Il me manque des notes détaillées concernant cette séance. Il m’a été possible d’en reconstituer l’essentiel de mémoire et à partir du matériel des séances antérieures et ultérieures.

Richard était très angoissé et difficile à contrôler. Il donna de violents coups de marteau par terre et répandit beaucoup d’eau dans la cuisine. Il fit également des entailles dans la table avec son couteau. Il eut donc une attitude identique à celle de la Quatre-vingt-unième séance, mais ses sentiments violents s’exprimaient avec beaucoup plus de force, tandis que la veille, il avait essayé de les maîtriser un peu. L’enfant demanda également un changement d’horaire mais Mme K. ne put le satisfaire ce qui déclencha chez lui hostilité, rage et désespoir. Il devint si violent que Mme K. fut obligée de le retenir ; à un certain moment, elle manifesta son impatience, ce qui effraya l’enfant qui n’était pas habitué à une telle réaction de la part de l’analyste.

Les objets que contenait sa valise jouèrent un rôle important.
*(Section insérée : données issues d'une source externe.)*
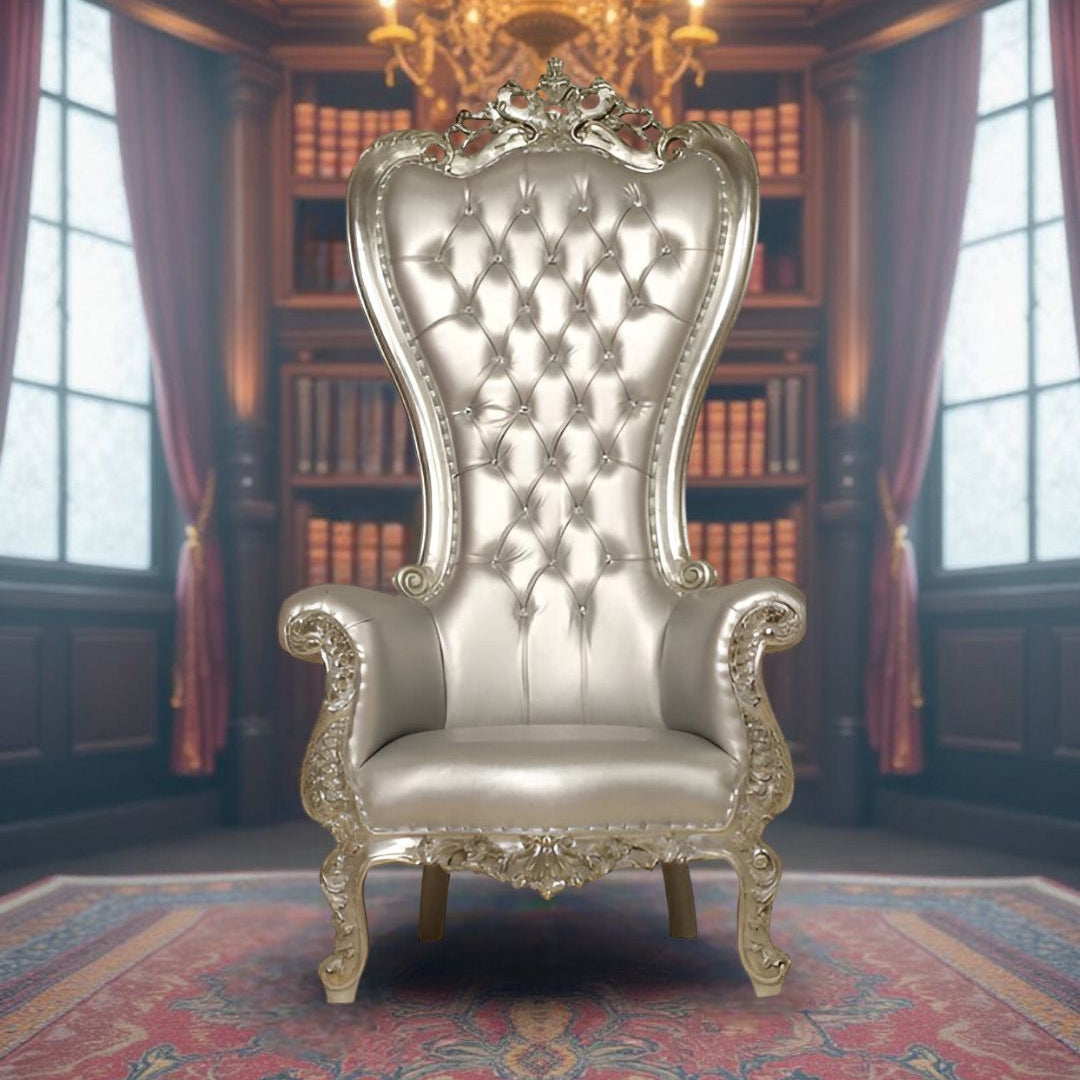 Silver throne chair used for wedding or baby shower decor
Il avait acheté une langouste pour l’apporter chez lui et dans l’analyse, l’animal apparut comme un objet douteux. L’enfant déclara tout d’abord que c’était une délicieuse nourriture et qu’il se réjouissait d’en manger ; cependant, il ne tarda pas à se mettre en colère contre la langouste et à l’attaquer à coups de couteau.

Mme K. interpréta disant que la langouste jouait un rôle identique à celui de la pieuvre des séances antérieures qui se trouvait à l’intérieur de Richard (la valise représentait son intérieur), de sa mère et de Mme K. Il avait martelé le sol pour l’ouvrir et expulser de sa mère le mauvais pénis de son père. En outre, ses coups de marteau exprimaient la méfiance et la colère qu’il éprouvait à l’égard de Mme K. qui était devenue la mère-« sale brute » – surtout depuis qu’elle s’était montrée impatiente.